May 16, 2018
HORNELL, NY – The following post from the Hornell Humane Society was being passed around locally on Facebook, yesterday:
After many years proudly serving the City of Hornell, the Hornell Area Humane Society will no longer be performing Animal Control duties within city limits. Mayor Buckley desired to decrease our contract amount by 77% while expecting us to still provide the same duties 24/7, 365 days a year (dog control, dog catching, sick/injured stray cat assistance, addressing community concerns, etc). After much thought, discussion, and research on the cost of performing at the level we do, we have concluded that we are unable to adequately serve the community with the offered funds/contract, and had to decline his offer.
We are a non-profit organization, relying solely on the generous donations of our wonderful community, but are also able to provide dog/cat control services with contracted municipalities. These contracts are thoughtfully examined by various parties, taking a multitude of factors into account.
We are proud of the care and attention we provide to the stray and homeless dogs and cats that come through our doors, and gratefully find homes for those who are abandoned/never claimed by their owners.
We field phone calls frequently throughout the day from concerned individuals, and respond appropriately.
We sometimes spend hours on the road looking for the dog or cat that is on the run and possibly injured.
We volunteer hours when we get home checking our email and Facebook messages to quickly reunite an owner with their lost dog or cat.
We hope that these services we have provided are not compromised by this change.
Moving forward, if you have an animal control concern, please call city officials @ 607-324-7421 during the day, and the Hornell Police Department after hours (evenings/nights/weekends) @ 607-324-2860.
We thank you for your understanding and patience during this transition, and will continue to serve the pets and people that we are able to.
Response From Hornell Mayor John Buckley:
Open letter to Hornell Area Humane Society Board Members,
I am deeply saddened you have decided not to negotiate with the City of Hornell and are walking away. I am also deeply disappointed in the strident, argumentative, and sometimes combative nature your representatives had during our Tuesday meeting. The fact the Humane Society Board refuses to negotiate at all speaks volumes. Also, the misleading post on the Humane Society’s Facebook page is an obvious attempt to stir up people’s emotions.
During the Tuesday meeting, the City brought forth numerous examples of instances where the Humane Society ignored calls and emails from City officials. Also submitted was a letter from a 75-year-old resident who the Humane Society would not help regarding cats damaging her property. In fact, she was told by a Humane Society worker to “trap them herself”. Most troubling was the refusal of the Humane Society to remove two vicious dogs when the Hornell Police Department was conducting a drug raid, putting our law enforcement officers in further harm’s way.

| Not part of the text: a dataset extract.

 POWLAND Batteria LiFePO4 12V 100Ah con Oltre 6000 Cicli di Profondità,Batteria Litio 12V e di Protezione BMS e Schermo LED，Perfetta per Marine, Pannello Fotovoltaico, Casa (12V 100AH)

The dogs held officers at bay until finally they were forced to use mace on the animals.
The termination of services letter from the Society that was sent to my office states “The decision is based solely on your major reduction in funding”. The City of Hornell is not and never has been responsible to fund operations of the Humane Society. The City simply contracts for a service to be provided. As Mayor, I have to be fiscally responsible with resident’s tax dollars. Over the last few months, City officials have benchmarked with other municipalities to see what they are paying for dog control. The findings were eye opening. The City of Corning, Village of Bath, Village of Dansville, Wayland and Cohocton combined pay roughly the same amount the City of Hornell does for services. Let’s put that in perspective: the combined population of those 5 municipalities is over 25,000. Hornell by contrast is about 8,500. Hornell has been paying the Humane Society $37,500 annually since 2009. Those 5 municipalities together pay a base cost of just over $36,000 annually.
Further, Article 7, Section 115 of the New York State Ag & Markets Law states: Funds expended by municipality for services. No municipality shall be required to expend in any calendar year for dog control officer and pound or shelter services undertaken pursuant to this article, an amount of money greater than it receives during such year pursuant to this article and any local law or ordinance enacted pursuant thereto”. The City of Hornell collected $8,360 in licensing fees last year. By law, that is the amount the City is required to pay which is backed up by a legal opinion I received from a New York Conference of Mayors attorney.
At the end of yesterday’s meeting, I asked Society representatives to have discussion with their board members so that we could have a follow-up meeting to further negotiate. The Humane Society today made it clear they are unwilling to so, choosing instead to put misinformation on Facebook knowing full well most of the people reading it don’t have the facts in front of them when responding to the post.
As for dog control, this afternoon, the City reached out to an area Dog Control Officer who has agreed to service the City.